Some interesting insights into the development of the new Office 2010 Backstage user experience – excerpt:
Before getting into the details of the Backstage View, I’d like to talk about the thinking that led us to the design. And to do that, I have to start way back in the fall of 2003, before we started designing the Ribbon.
The Office User Experience Team is responsible for providing the UI platform for the rest of Office, so it was our assignment to tackle the following two problems. First, we knew from user feedback that people had a lot of difficulty finding, using, and understanding the vast feature set in Office. Second, we were struggling internally with the fact the menus, toolbars, and task panes were collapsing under their own weight. Those UI concepts were designed for much simpler programs, and could no longer handle the volume of commands in the mature Office applications.
So, we spent a lot of time looking at entire the Office feature set. We thought hard about how new features should be built and we made some predictions about the types of features we’d need to build over the next several versions.
One of the first things we identified was that there were two distinct types of features within the applications. We called the two types IN and OUT features.
The IN features are the ones most people are more familiar with. These are the features that act on the content of the document and show up on the page. Examples include commands like bold, margins, spelling, and styles. These are the features that make up the heart of the application. When using these features, you need to be able to view the document content and often need to have a selection or blinking cursor somewhere in the document.

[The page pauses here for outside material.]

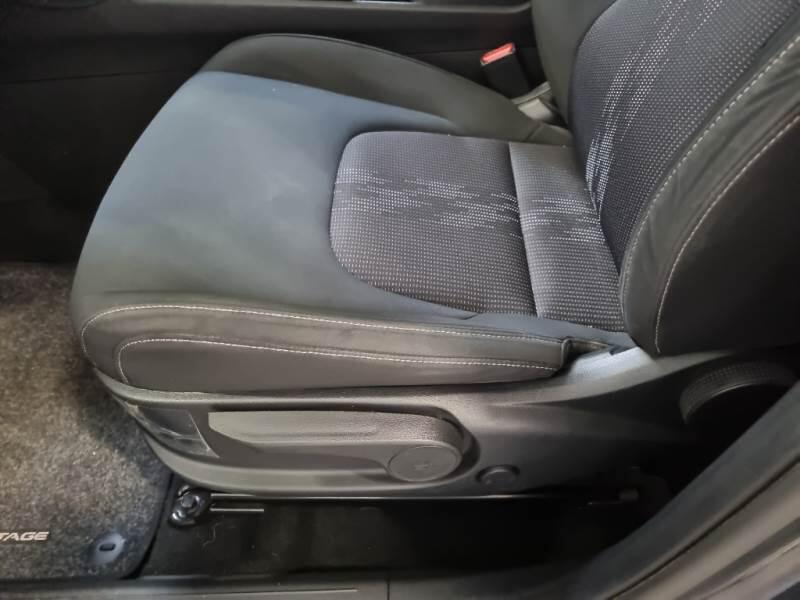 Kia Sportage SUV 1.6 TGDI HEV STYLE 2WD AUTO - foto 12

The “Out” features help people do something with the content they create. Examples include Saving, Printing, Permissions, Versioning, Collaboration, Document Inspector, Workflows, etc. The Out feature set includes a wide ranging and surprisingly long list, but they all have a lot of similarities. The primary characteristic is that they don’t act on a specific point in the document, and their effects don’t appear on the page. In fact, you could easily imagine using one of these features without even opening the document to look at it (for example, setting permissions on the file or sending it as an attachment).
Unfortunately, the other thing the OUT features have in common is that they almost all suffer from low discoverability and poor usability.
Microsoft Office 2010 Engineering : Microsoft Office Backstage (Part 1 – Backstory)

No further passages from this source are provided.